>>
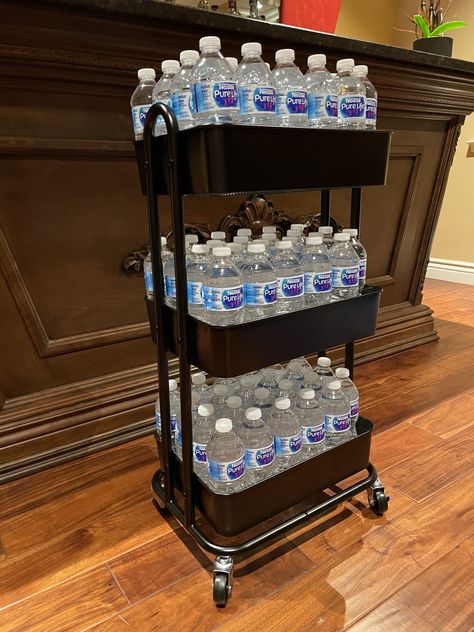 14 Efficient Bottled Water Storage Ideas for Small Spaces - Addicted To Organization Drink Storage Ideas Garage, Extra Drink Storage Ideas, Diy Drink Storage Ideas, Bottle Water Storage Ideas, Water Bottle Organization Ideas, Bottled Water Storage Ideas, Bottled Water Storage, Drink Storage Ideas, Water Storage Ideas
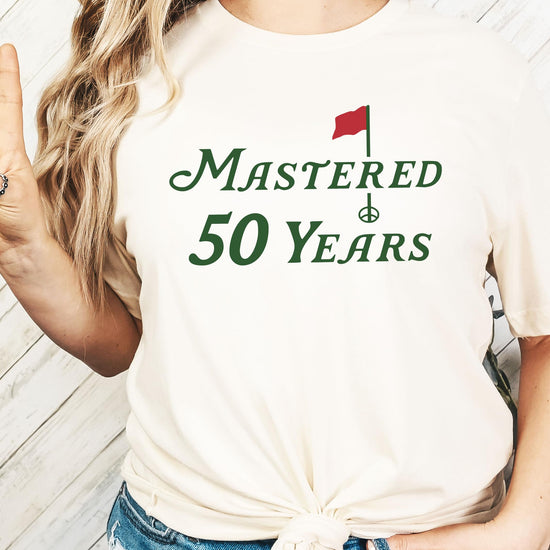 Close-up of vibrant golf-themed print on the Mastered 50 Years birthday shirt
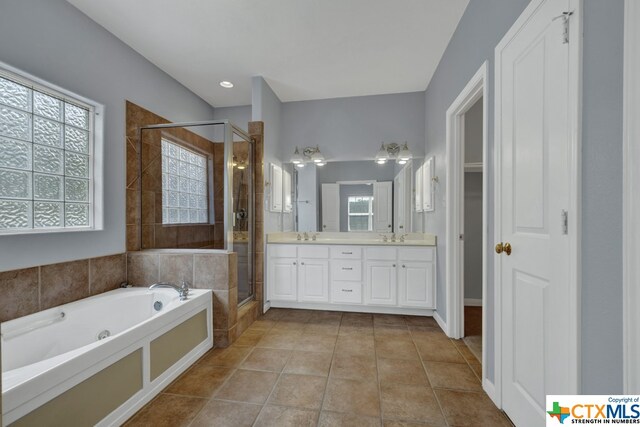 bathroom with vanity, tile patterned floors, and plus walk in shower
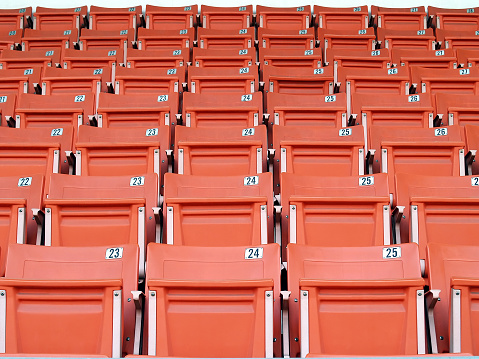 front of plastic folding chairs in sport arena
<<
*REQUIRED ACTION*.
Write out the lines of the listing from the one that holds "Close-up of vibrant" to the very last line, both included, exactly as they appear and without any pictures.

*ANSWER SECTION*.
 Close-up of vibrant golf-themed print on the Mastered 50 Years birthday shirt
 bathroom with vanity, tile patterned floors, and plus walk in shower
 front of plastic folding chairs in sport arena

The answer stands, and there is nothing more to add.